_Work order:_
Transcribe the stretch of entries below from the line with "General Parasitology - Portuguese Slides" through the line with "Obraz premium Chihuahua", exactly and with both ends included; leave out all other lines.

_Source material:_
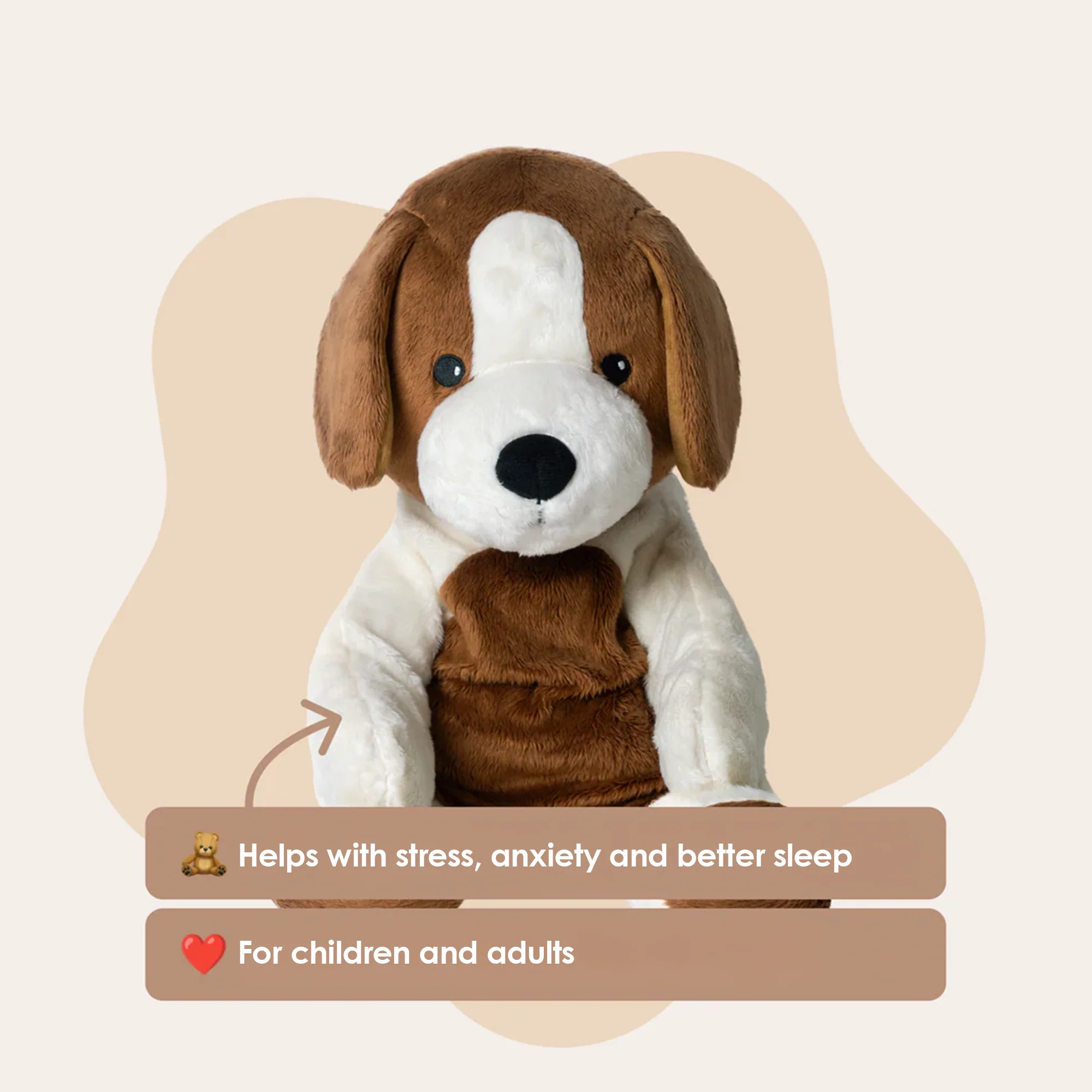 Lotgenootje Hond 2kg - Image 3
* * *
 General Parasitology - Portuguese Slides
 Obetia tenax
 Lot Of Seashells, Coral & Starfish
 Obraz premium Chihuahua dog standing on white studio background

_Exercise response:_
 General Parasitology - Portuguese Slides
 Obetia tenax
 Lot Of Seashells, Coral & Starfish
 Obraz premium Chihuahua dog standing on white studio background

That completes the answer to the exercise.